That tank is really beautiful. I wish I could do something like that. 
I don't run pressurized CO2, or use adequate ferts, and I can't even imagine maintaining something like that. 
I am jealous of you tho.


----------



## chad320 (Mar 7, 2010)

The fact is...sooner or later youll have to trim it or the shaded parts will die and itll float. The plus side to this is riccia is a great plant to learn on about trimming and shape forming for other mosses. Just shut off your filters when you do and net or siphon to excess out. Riccia sells well on the SnS if you price it right too.


----------



## stingraysrule (Apr 4, 2010)

Ok, so say I cut the top of it. So, if I cut one inch off the top of the whole thing, which is about 6in by 6in 
can I net that someplace else? Do I just net it like I did the java moss?


----------



## timwag2001 (Jul 3, 2009)

yup


----------



## Bowles42 (Mar 5, 2008)

In my experience riccia is more trouble than it's worth. It gets everywhere and grows like a weed. Also, you have to be really dilligent if you want to remove it all from your tank.

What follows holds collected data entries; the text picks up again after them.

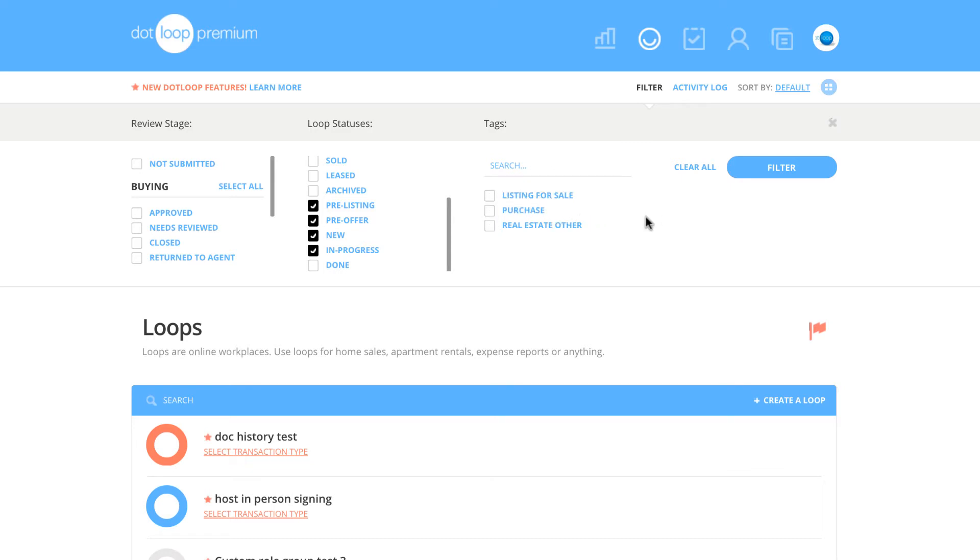If it ever seems a loop has gone missing or if you would like to display any loops ever made, you can click Clear All on the right side of the page. After you have made any changes to your filters, always make sure to click the large filter button on the right hand side for your changes to be reflected.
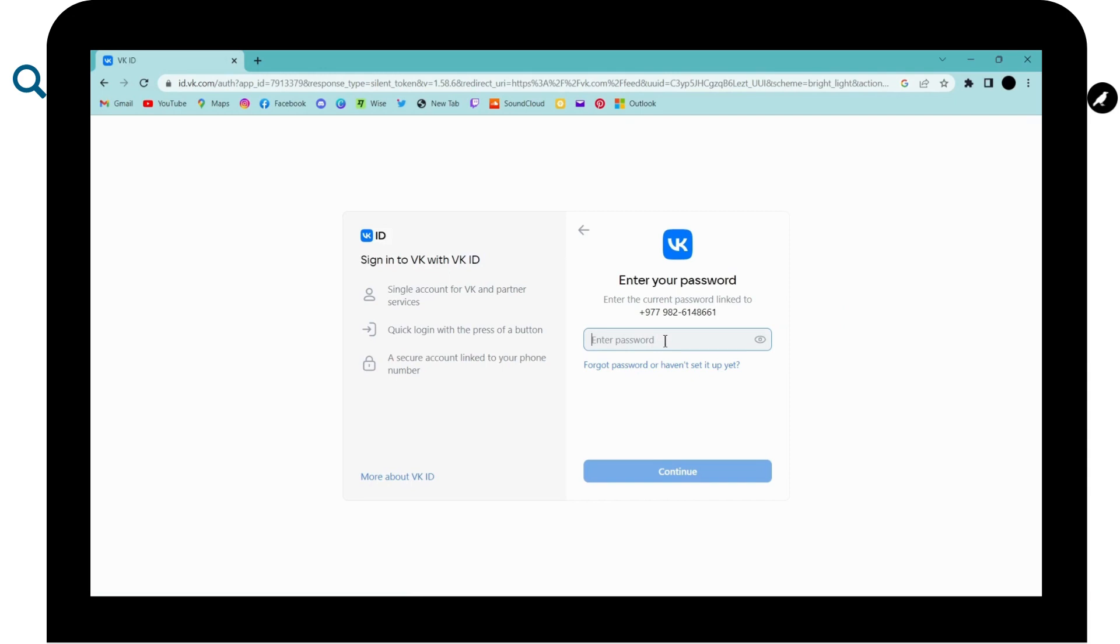So here on the next step, you have to enter your password. But if you forgot your password or if you want to reset your password, then you can click here, forgot password.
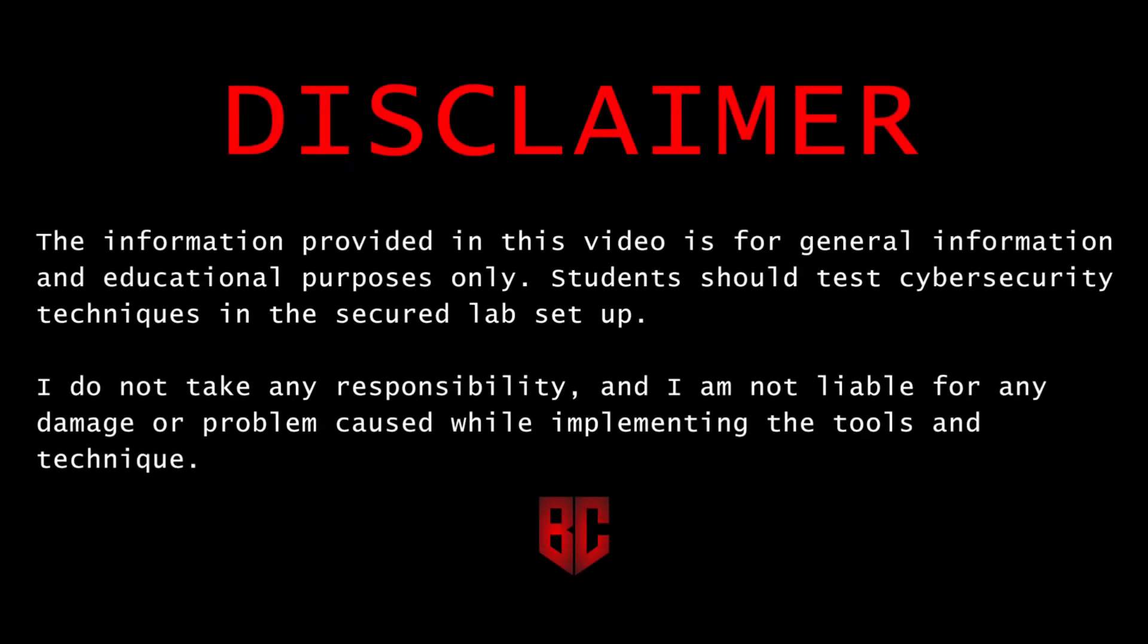Disclaimer. The information provided in this video is for general information and educational purposes only. Students should test cybersecurity techniques in a secured lab setup. I do not take any responsibility and I am not liable for any damage or problem caused while implementing the tools and techniques.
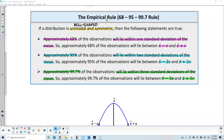The empirical rule, which is the 68-95-99.7 rule. If a distribution is unimodal and symmetric, meaning that it's bell-shaped, then the following statements are true.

Of course I try to keep my trimming down to a reasonable minimum. And, certainly people have used it to good effect in their tanks/aquascapes.

Good luck,
Ryan


----------



## chad320 (Mar 7, 2010)

LOL, alot of people have had bad experiences with riccia. Youve got 1 step ahead in the fact that yours was free. It also matters if you have the time/like messing with it to make it look good. I personally hated chasing it but am super jealous of the people that have beautiful carpets of it (as above).


----------